BEGIN DATA FOR PROCESSING

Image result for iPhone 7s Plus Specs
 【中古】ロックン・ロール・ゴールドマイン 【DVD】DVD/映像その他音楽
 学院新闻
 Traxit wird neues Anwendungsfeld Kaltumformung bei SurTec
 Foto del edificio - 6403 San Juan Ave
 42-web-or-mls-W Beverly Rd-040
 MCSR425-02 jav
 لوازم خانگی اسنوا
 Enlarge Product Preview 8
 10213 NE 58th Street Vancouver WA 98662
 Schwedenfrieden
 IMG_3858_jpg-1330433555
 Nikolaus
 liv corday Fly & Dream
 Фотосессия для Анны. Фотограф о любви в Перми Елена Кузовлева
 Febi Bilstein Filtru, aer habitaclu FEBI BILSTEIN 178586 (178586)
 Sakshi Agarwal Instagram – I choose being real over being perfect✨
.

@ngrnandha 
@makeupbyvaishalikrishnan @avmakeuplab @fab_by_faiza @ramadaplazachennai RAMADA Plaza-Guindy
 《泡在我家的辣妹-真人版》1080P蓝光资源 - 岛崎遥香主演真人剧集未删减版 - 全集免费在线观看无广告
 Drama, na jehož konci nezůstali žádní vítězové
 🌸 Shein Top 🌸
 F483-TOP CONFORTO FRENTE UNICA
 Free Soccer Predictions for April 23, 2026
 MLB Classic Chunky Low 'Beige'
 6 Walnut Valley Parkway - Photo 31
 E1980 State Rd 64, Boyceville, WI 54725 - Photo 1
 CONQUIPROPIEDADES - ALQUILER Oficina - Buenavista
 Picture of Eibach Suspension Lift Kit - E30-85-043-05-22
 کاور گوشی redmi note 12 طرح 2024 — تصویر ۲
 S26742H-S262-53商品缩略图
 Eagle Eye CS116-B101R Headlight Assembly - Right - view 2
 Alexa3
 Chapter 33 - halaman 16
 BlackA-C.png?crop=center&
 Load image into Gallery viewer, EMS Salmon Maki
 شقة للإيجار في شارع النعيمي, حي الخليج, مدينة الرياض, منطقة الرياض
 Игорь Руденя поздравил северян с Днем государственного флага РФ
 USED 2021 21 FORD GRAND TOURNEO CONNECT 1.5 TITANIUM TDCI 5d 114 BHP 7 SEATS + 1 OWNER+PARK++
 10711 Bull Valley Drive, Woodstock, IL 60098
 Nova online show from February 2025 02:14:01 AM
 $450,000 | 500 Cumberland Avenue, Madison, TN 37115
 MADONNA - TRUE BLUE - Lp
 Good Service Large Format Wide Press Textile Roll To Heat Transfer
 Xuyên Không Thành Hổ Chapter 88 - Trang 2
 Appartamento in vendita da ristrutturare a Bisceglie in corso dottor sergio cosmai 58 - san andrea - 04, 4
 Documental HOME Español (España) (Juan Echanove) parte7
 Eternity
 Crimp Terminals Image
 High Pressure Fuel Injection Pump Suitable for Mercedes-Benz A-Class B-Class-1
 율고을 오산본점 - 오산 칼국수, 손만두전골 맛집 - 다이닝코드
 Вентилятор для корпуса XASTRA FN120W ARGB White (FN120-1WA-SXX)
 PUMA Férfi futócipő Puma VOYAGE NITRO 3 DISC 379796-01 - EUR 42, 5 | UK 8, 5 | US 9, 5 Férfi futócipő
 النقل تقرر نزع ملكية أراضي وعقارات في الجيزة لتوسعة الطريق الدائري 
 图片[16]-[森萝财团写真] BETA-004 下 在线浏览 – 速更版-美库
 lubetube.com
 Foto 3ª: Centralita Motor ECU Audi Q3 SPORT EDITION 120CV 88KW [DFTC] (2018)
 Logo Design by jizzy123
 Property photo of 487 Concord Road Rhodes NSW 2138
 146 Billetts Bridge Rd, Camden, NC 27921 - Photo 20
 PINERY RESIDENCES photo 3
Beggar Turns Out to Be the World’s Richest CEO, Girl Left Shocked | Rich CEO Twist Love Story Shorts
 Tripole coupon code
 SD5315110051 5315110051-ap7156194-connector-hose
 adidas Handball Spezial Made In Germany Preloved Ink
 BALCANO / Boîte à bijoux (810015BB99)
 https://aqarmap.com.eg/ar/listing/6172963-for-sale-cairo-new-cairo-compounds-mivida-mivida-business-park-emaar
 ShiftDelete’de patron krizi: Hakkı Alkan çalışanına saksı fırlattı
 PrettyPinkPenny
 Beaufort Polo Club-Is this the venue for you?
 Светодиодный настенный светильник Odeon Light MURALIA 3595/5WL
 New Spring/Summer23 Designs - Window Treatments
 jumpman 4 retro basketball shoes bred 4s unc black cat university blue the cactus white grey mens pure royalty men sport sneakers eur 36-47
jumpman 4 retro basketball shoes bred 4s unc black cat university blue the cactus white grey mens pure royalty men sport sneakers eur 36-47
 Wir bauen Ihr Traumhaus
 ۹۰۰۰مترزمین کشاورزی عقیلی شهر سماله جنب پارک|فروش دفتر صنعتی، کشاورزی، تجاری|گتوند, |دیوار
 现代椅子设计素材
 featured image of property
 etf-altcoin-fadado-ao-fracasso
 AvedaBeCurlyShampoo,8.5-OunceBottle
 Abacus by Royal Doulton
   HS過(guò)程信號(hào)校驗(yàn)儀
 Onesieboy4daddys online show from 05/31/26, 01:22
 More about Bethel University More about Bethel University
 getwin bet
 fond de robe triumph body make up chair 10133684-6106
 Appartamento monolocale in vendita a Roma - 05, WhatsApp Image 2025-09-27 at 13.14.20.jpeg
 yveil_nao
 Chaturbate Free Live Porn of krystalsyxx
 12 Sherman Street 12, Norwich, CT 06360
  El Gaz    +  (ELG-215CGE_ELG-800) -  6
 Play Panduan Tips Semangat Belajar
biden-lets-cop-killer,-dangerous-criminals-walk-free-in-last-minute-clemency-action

END DATA FOR PROCESSING

▸ **WHAT THE TASK ASKS**: Check every line above for the word "Appartamento" and copy those that have it.

▸ **RESULT OF THIS TASK**:
 Appartamento in vendita da ristrutturare a Bisceglie in corso dottor sergio cosmai 58 - san andrea - 04, 4
 Appartamento monolocale in vendita a Roma - 05, WhatsApp Image 2025-09-27 at 13.14.20.jpeg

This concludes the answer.